The reason undercover cops arent charged is because they are officers of the law, and are thus believed to be pursuing the upholding of the law. See entrapement [wisegeek.com] as it relates to undercover cops "selling" illegal drugs. Since the RIAA "Investigators", many of whom are not even licensed, they are not officers of the law, and thus should not face the same privilege. For similar reasons, setting up your own drug sting operation to help cleanup your neighborhood by trying to sell oregano will probably get you thrown in jail instead of any "customers" you might catch. The defense is arguing that if the investigators are not liable for downloading the content illegally, then the content must be authorized by the RIAA. In this case, its like they sent their own "Johns" out on the street to find prostitutes, and then rather than turning over their own Johns after the deed is done, only turn over the prostitutes, all while not being official law enforcement agents. They are overstepping their rights and should not be afforded the privilege they have assumed.

Tm

Sometimes (2, Informative)

pagewalker (1286802) | more than 5 years ago | (#24474023)

Often Police Officers are reasonably doing what members of the public commonly do, out of a belief that someone is a criminal.
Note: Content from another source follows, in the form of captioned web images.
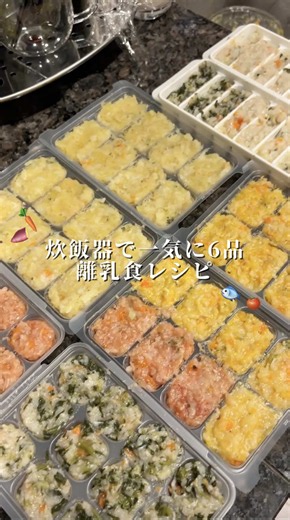 レシピ詳細👇🏻 ①炊飯器に米をセット ②その上に材料を置いて、水を入れてお粥モードで炊飯 ・人参 1本（皮をむいてそのまま） ・さつまいも 1本（皮をむいてそのまま） ・かぼちゃ ・ほうれん草 （下茹でしたもの） ・ブロッコリー ・しらす（お湯で塩抜き） ・ツナ缶（ノンオイル・食塩無添加） ③炊けたら、さつまいも・かぼちゃ・ほうれん草をそれぞれ別容器に取り出す ・さつまいも、かぼちゃはマッシャーで潰す ・ほうれん草はハサミで一口サイズに切る ④炊飯器の中のお粥をマッシャーで潰し、6つに分けてそれぞれ味付け 🥣和風だし粥 → ベビー用和風だしをかけて混ぜる 🥣ほうれん草粥 → ③のほうれん草＋ベビー用和風だしを混ぜる 🥣さつまいも粥 → ③のさつまいもと混ぜる 🥣かぼちゃのリゾット → ③のかぼちゃと混ぜる 🥣トマトリゾット → トマトペーストを混ぜる （お好みでベビーコンソメを少し足してね◎） 🥣豆乳リゾット → 無調整豆乳を加えてレンジで加熱し混ぜる ——————————————————————— ③で取り出した野菜は、手掴み用も取り分けておいても🙆🏻‍♀️🍠 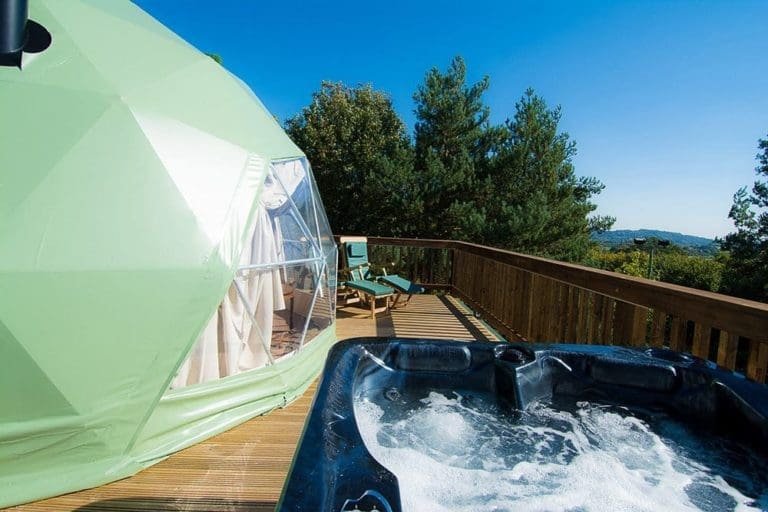 Glamping with a hot tub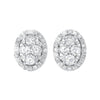 Starbright Cluster Diamond Earrings 1/2 Cttw 14K White Gold
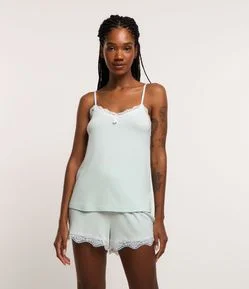 Pijama Short Doll Alcinha em Viscose e Detalhes em Renda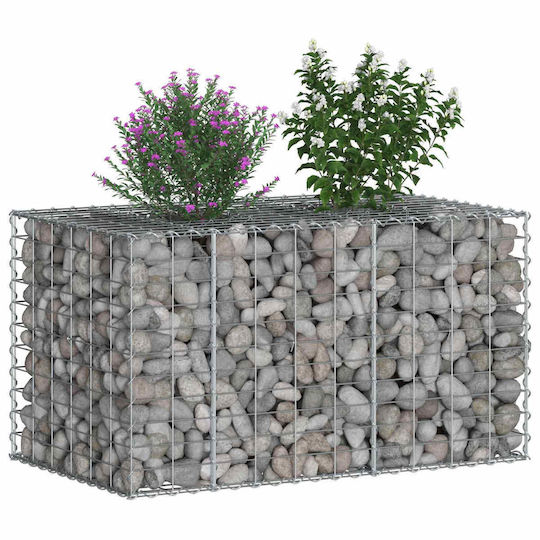 vidaXL Gabion Box Pentru Garduri De Grădină Din Oțel 100x60x55cm Argintiu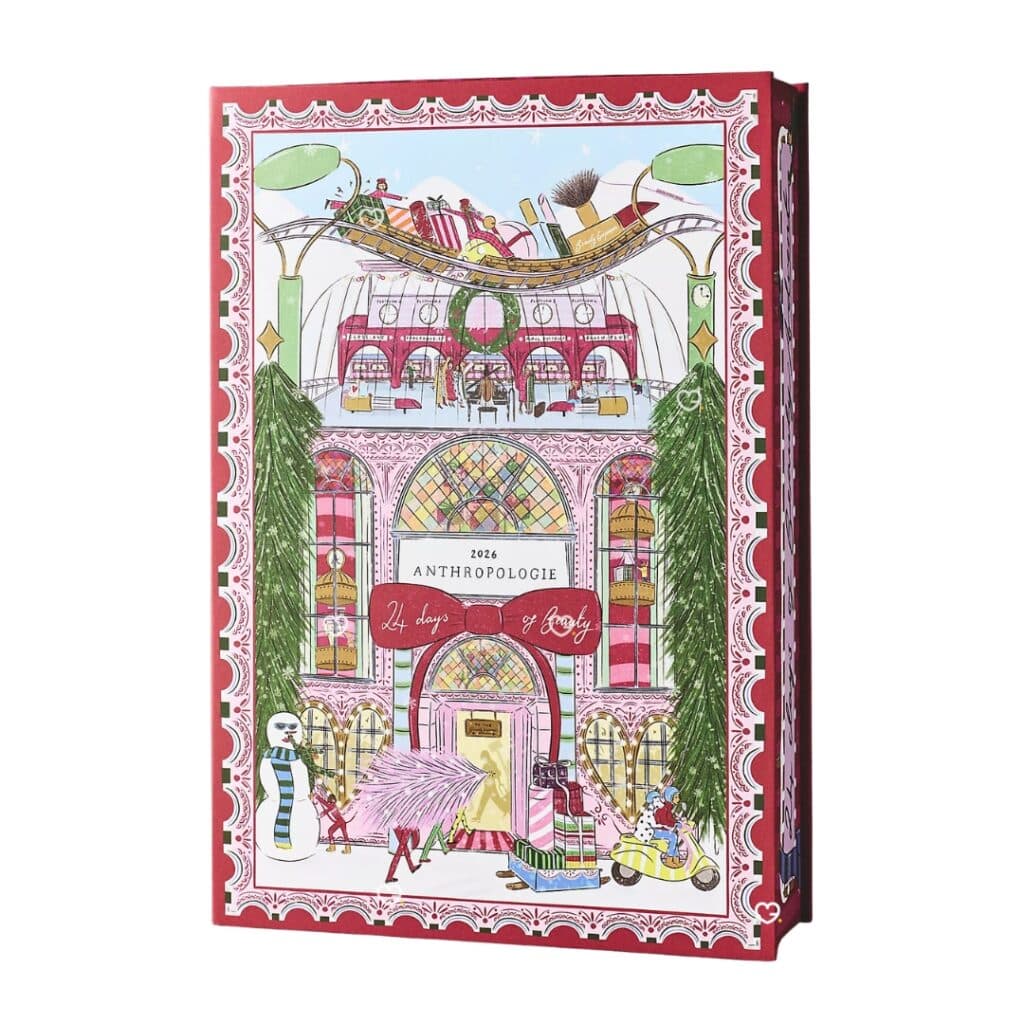 Anthropologie 24 Days of Beauty Advent Calendar 2026, closed box with illustrated artwork by Nephthys Foster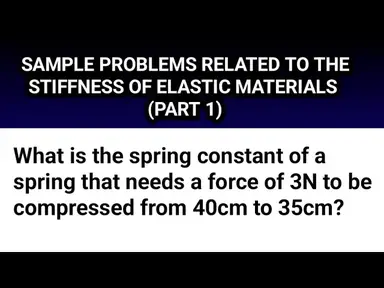 'Video thumbnail for The Stiffness of Elastic Materials :| SOLVED EXAMPLES | -(PART1).#educationfoundationtutorials'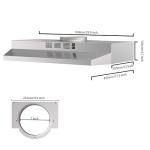 SNDOAS 30 inch Range Hood Ducted/Ductless Convertible Stainless Steel Range Hood Under Cabinet with Rocker Button Control,Vent Hood with LED Light,2 Speed Exhaust Fan,Under Cabinet Hood,Silver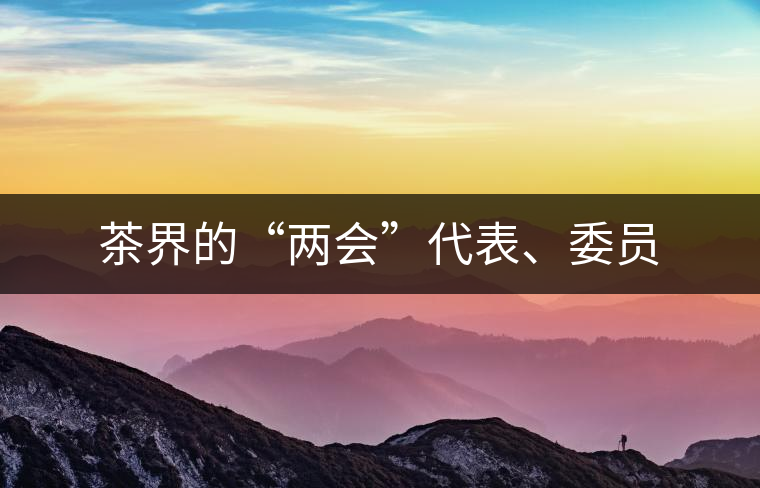 茶界的“兩會”代表、委員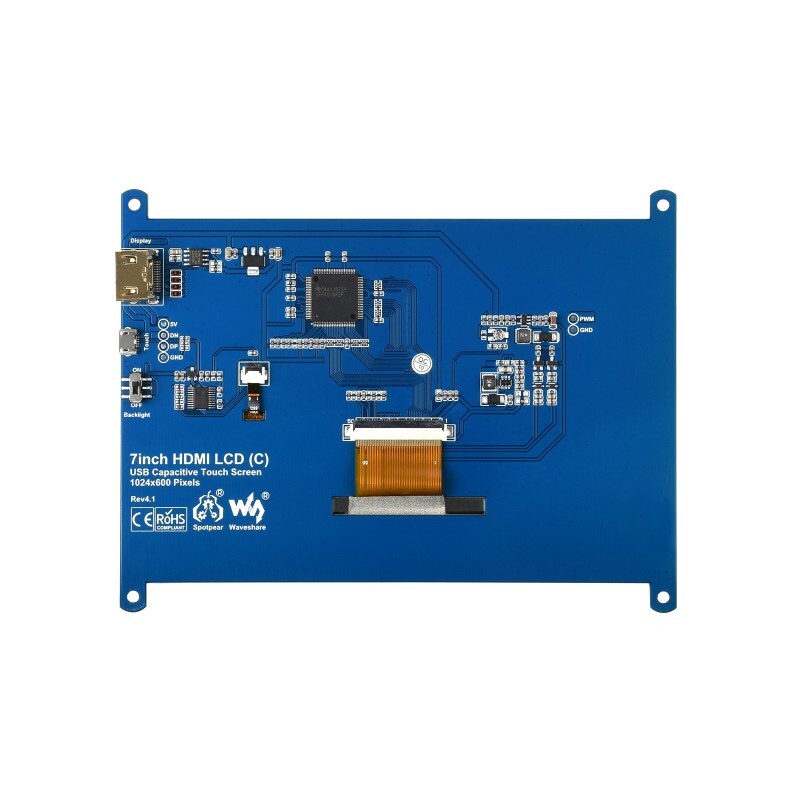 Waveshare 7 Zoll Kapazitiver Touchscreen LCD-Display 1024x600 HDMI til Raspberry Pi Windows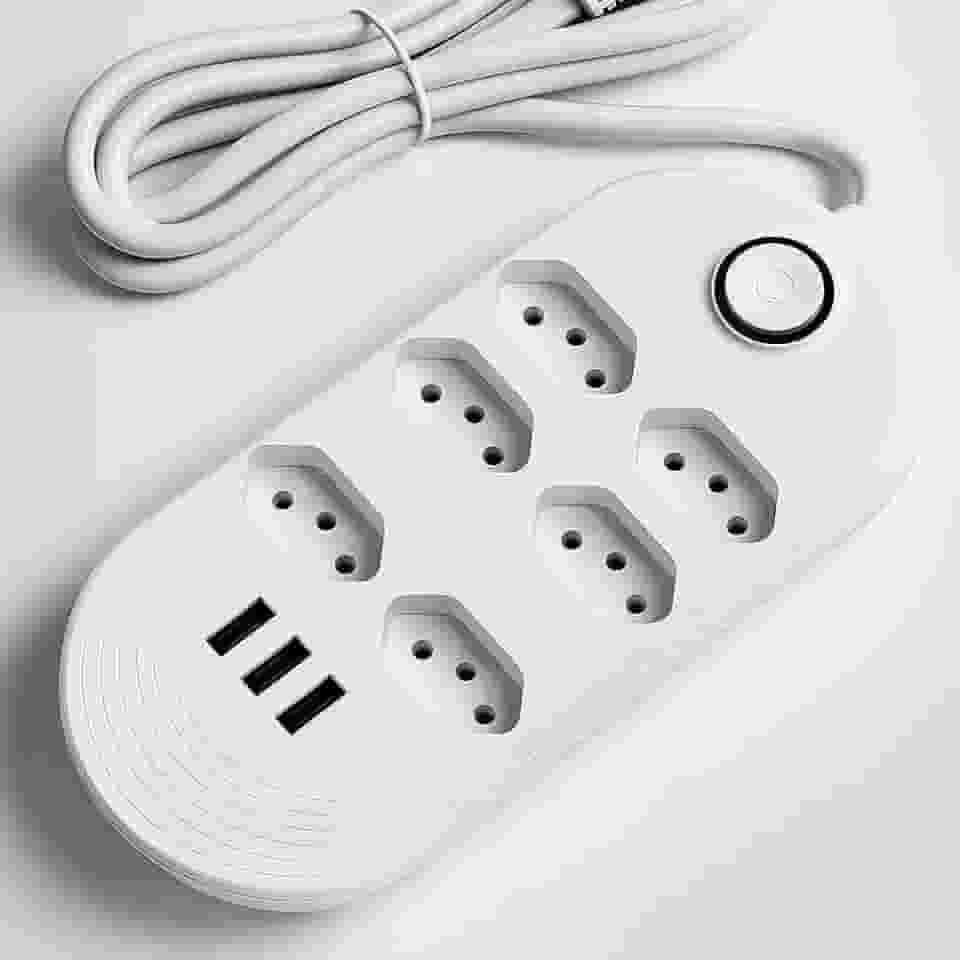 Filtro de linha extensão Elétrica 6 Tomadas + 3 Entradas USB – Bivolt, Cabo 2m, Proteção Contra Sobrecarga, Ideal para celulares, computadores, impressoras, televisão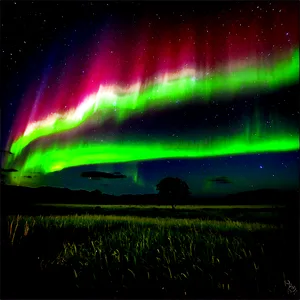 Idyllic Aurora Over Countryside Png Waf17 PNG image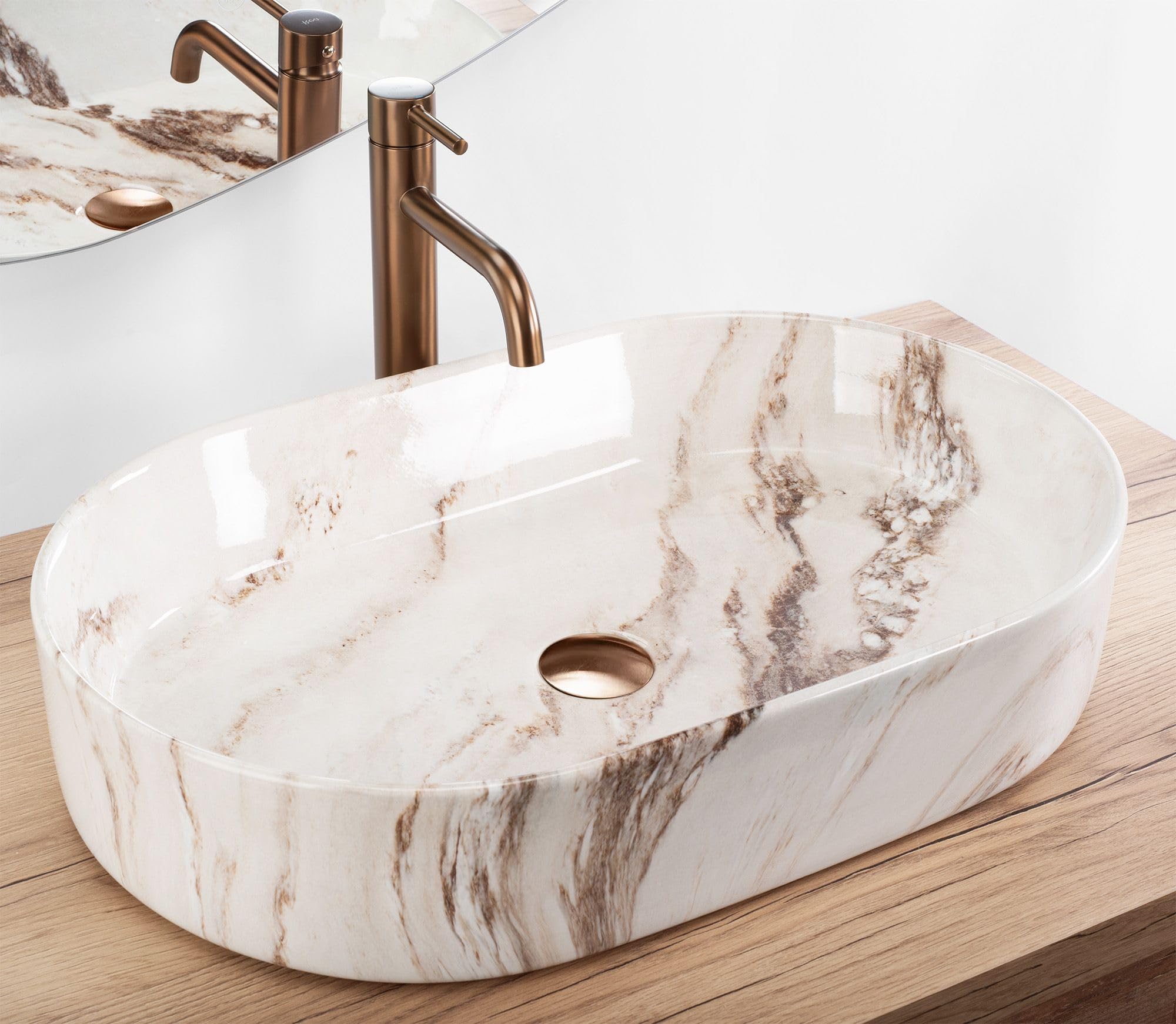 Lavabo Sobre Encimera Rea Nadia 60 Gris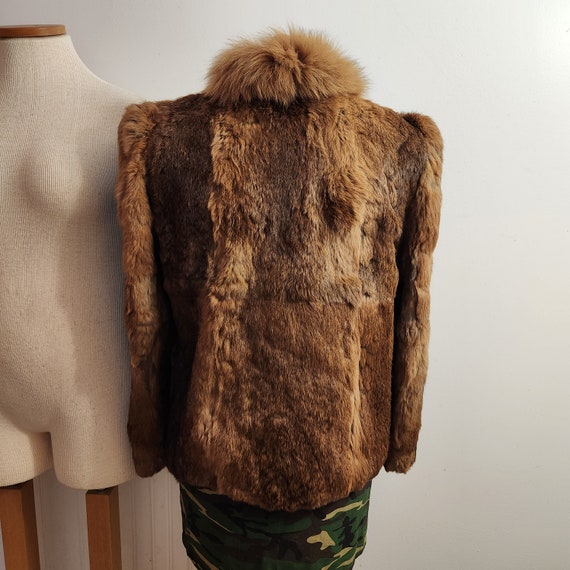 Vintage rabbit and fox fur coat size medium real … - image 4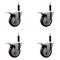 Service Caster 4'' SS Maroon Poly Swivel 3/4'' Expanding Stem Caster Set Total Lock Brake, 4PK SCC-SSEXTTL20S414-PPUB-MRN-34-4 - alternate 1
If the belief is reasonably formed, I applaud them for it--the police shouldn't be prevented from, in the course of an investigation, pretending to be a regular Joe or Sally in order to see if someone is selling drugs, for example.

But you run into real problems, too--I've heard stories from people who work in environments where, because the police expect there to be corruption, the police send in undercover people all the time and repeatedly try to get non-criminals to engage in criminal activity. It's one thing to notice someone is dealing drugs or traveling with drugs--it's quite another to ask them to help you transport those drugs by weaseling them into it. "Oh, you're flying down to such-and-such a city for your sister's birthday? Could you drop this package of mine off with an old friend?" That kind of thing.

Some cops behave better than others, and of course they have a job to do. It's hard to find the line, sometimes, but it's important to remember that there is one.

With the RIAA, obviously it's different: this is a private group copying something they've sold to you, saying you're the one who's copied it, and then suing you for it.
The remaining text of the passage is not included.